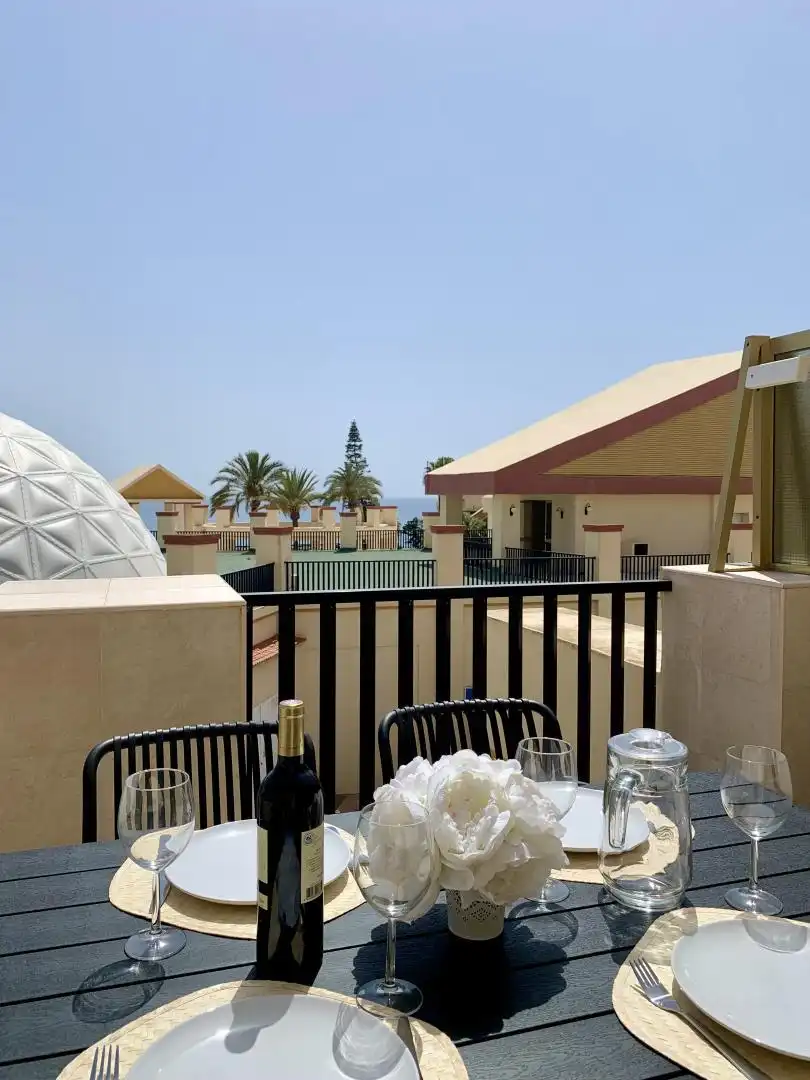 Flat for sale in Urbanizacion Jardines Golondrinas, 18, Romana Playa Terrace of Flat for sale in Marbella with Air Conditioner, Terrace and Swimming Pool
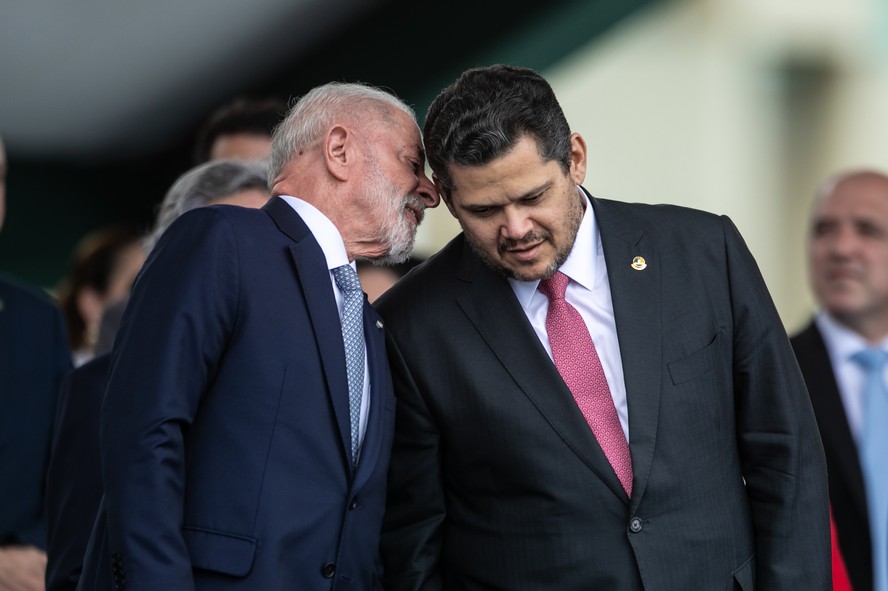 Lula e Davi Alcolumbre em cerimônia oficial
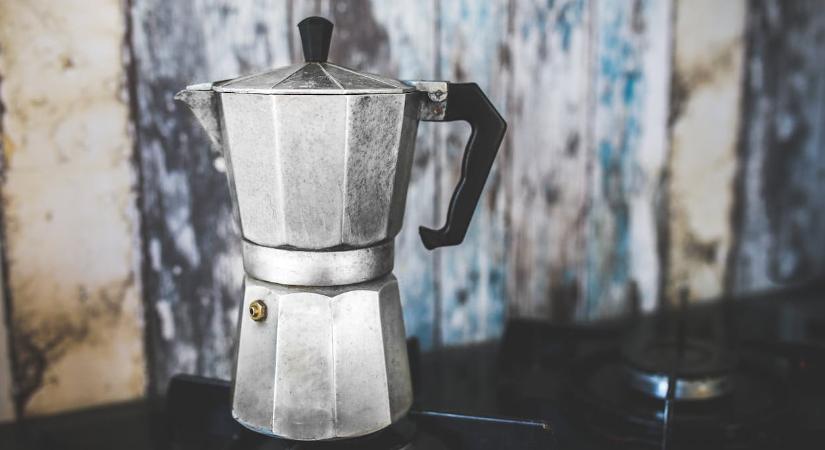 Leégett a kávé a kotyogósban? Így lesz újra ragyogóan fényes belül is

+---+

Instructions to follow: Exactly as they appear above, print all the lines, but not the pictures.

Response:
 Flat for sale in Urbanizacion Jardines Golondrinas, 18, Romana Playa Terrace of Flat for sale in Marbella with Air Conditioner, Terrace and Swimming Pool
 Lula e Davi Alcolumbre em cerimônia oficial
 Leégett a kávé a kotyogósban? Így lesz újra ragyogóan fényes belül is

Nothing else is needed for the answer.